En auto se pueden recorrer los 3400 kilómetros que separan París de la pequeña isla noruega de Sommarøy.
Los 300 vecinos de la isla convocaron una asamblea a finales de mayo con el orden del día más ambicioso: abolir el tiempo. Lo hicieron.
En aquella zona del Círculo Polar Ártico, el sol sale el 18 de mayo y se pone el 26 de julio. Eso son un total de 69 días.
Al contrario, entre noviembre y enero en Sommarøy se extiende una noche tan cerrada que deja en evidencia a cualquier profecía de Juego de Tronos.
Es decir, los horarios convencionales no están hechos para ellos y, por eso, han decidido colgar los relojes.
Durante el largo día de dos meses, por ejemplo, “en medio de la noche, lo que la gente de la ciudad podría llamar ‘2 am’, puedes ver a niños jugando al fútbol, gente pintando sus casas o cortando el césped y adolescentes nadando”, explicaba Kjell Ove Hveding, impulsor del proyecto.

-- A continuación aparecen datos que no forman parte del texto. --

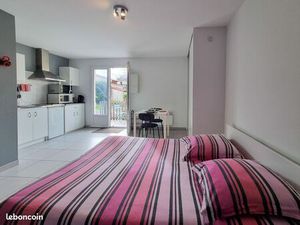 Maisonnette meublée 23 m² – Terrasse & parking – Tram B (50 m)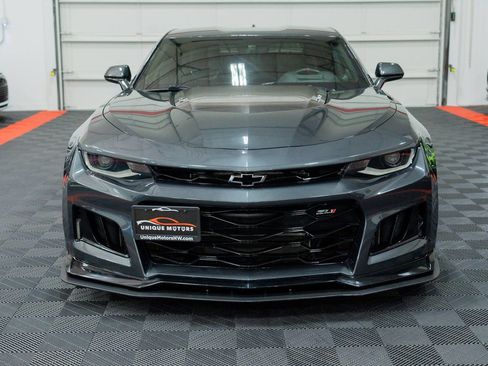 Used 2018 Chevrolet Camaro ZL1 RWD image 2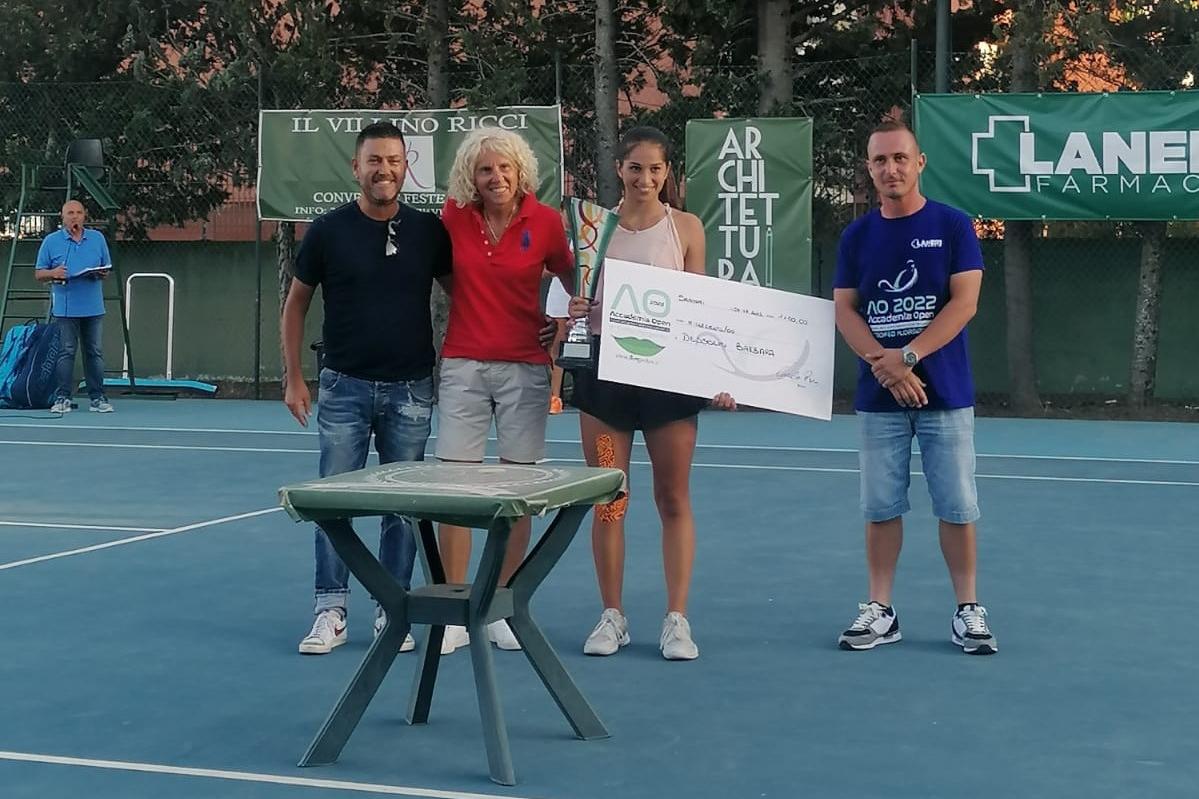 La premiazione di Barbara Dessolis (Foto Accademia Tennis Sassari)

El cambio conlleva de facto funcionar con un horario de 24/7 y pese a lo popular de la medida, esto representa un reto lo suficientemente importante como para tener en vilo a toda la población de la isla.

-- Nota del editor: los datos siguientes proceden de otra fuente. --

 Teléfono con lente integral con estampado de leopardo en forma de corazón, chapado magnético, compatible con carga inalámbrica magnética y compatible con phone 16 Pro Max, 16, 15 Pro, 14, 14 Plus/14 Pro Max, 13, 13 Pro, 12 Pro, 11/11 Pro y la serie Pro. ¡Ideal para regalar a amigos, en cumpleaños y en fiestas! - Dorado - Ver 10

Pero quizás lo más interesante es una frase del propio Hveding:
“Para muchos de nosotros, obtener esto por escrito simplemente significaría formalizar algo que hemos estado practicando durante generaciones”.
Y es que, como hemos hablado en otras ocasiones, es muy complejo hacer ingeniería social usando los horarios oficiales: pongas las horas que pongas, la gente acaba haciendo lo que quiere.
De esta forma, el debate siempre acaba siendo entre “prescriptivistas” que quieren unificar los horarios para crear zonas mercantiles y administrativas más amplias y los “descripcionistas” aquellos que creen que lo mejor es crear horarios adaptados a los usos y costumbres del lugar.
Lo ideal podría estar en el punto medio: una regulación que nos permita movernos con fluidez, pero que de la flexibilidad suficiente como para vivir como queramos.